云原生
在 OpenShift 上运行 Linkerd:SCC、CNI,以及那些会咬人的边角
在 OpenShift 上安装 Linkerd 的实践者指南:为什么默认安装会失败,Security Context Constraints 如何改变全局,以及两种修复方案中哪一种真正值得运维。
Todea Engineering
云原生实践
在原生 Kubernetes 集群上安装 Linkerd 是一项十分钟的工作。在 OpenShift 上安装它则不是。Helm chart 一样,控制平面一样,代理也一样,可是当你对着 OpenShift 跑下第一条 helm install 时,你会得到一个塞满了永远不会扩容到零以上的 deployment 的 linkerd 命名空间:
oc get deployment -n linkerd
NAME READY UP-TO-DATE AVAILABLE AGE
linkerd-destination 0/1 0 0 2m40s
linkerd-identity 0/1 0 0 2m40s
linkerd-proxy-injector 0/1 0 0 2m40s这都不是 bug。OpenShift 的安全模型只是在按照设计正常工作。诀窍在于知道 Linkerd 的哪些部分会和它发生冲突,以及在可用的修复方案里你愿意和哪一个长期共处。
为什么默认安装会失败
OpenShift 通过 Security Context Constraints (SCC) 把守每一个 pod。SCC 是一种集群范围的策略,决定一个 pod 被允许使用哪些 securityContext 设置:可以以哪些 UID 运行、可以请求哪些 Linux capability、可以挂载哪些卷类型、能否访问宿主机网络。
oc get scc
NAME PRIV CAPS SELINUX RUNASUSER FSGROUP SUPGROUP PRIORITY READONLYROOTFS VOLUMES
anyuid false <no value> MustRunAs RunAsAny RunAsAny RunAsAny 10 false ["configMap","csi","downwardAPI","emptyDir","ephemeral","persistentVolumeClaim","projected","secret"]

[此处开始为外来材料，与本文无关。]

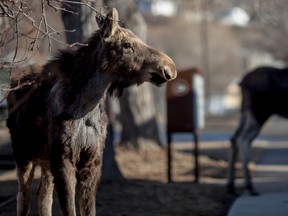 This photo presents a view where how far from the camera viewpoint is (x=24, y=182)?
353 inches

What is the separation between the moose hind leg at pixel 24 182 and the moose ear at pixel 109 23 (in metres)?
1.92

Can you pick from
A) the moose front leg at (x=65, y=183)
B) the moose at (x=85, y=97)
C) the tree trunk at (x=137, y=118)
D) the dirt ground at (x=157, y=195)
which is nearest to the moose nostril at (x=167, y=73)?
the moose at (x=85, y=97)

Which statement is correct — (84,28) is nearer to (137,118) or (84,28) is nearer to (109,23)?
(109,23)

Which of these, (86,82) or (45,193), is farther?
(45,193)

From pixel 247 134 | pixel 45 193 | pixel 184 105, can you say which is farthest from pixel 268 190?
pixel 45 193

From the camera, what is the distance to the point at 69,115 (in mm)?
7902

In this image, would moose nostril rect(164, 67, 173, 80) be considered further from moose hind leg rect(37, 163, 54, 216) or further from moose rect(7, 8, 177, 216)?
moose hind leg rect(37, 163, 54, 216)

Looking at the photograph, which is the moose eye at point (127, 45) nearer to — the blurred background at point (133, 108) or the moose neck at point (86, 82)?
the moose neck at point (86, 82)

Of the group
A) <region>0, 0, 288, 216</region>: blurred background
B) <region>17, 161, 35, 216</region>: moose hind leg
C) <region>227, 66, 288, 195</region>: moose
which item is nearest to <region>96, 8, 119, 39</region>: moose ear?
<region>0, 0, 288, 216</region>: blurred background

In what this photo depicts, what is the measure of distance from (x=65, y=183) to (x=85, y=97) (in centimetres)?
88

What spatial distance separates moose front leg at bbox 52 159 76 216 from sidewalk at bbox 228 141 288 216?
3612mm

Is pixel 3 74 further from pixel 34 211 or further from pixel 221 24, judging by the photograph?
pixel 221 24

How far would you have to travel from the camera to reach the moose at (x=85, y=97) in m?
7.78

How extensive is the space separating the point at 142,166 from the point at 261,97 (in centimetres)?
556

hostaccess false <no value> MustRunAs MustRunAsRange MustRunAs RunAsAny <no value> false ["configMap","csi","downwardAPI","emptyDir","ephemeral","hostPath","persistentVolumeClaim","projected","secret"]
hostmount-anyuid false <no value> MustRunAs RunAsAny RunAsAny RunAsAny <no value> false ["configMap","csi","downwardAPI","emptyDir","ephemeral","hostPath","nfs","persistentVolumeClaim","projected","secret"]
hostmount-anyuid-v2 false <no value> RunAsAny RunAsAny RunAsAny RunAsAny <no value> false ["configMap","csi","downwardAPI","emptyDir","ephemeral","hostPath","nfs","persistentVolumeClaim","projected","secret"]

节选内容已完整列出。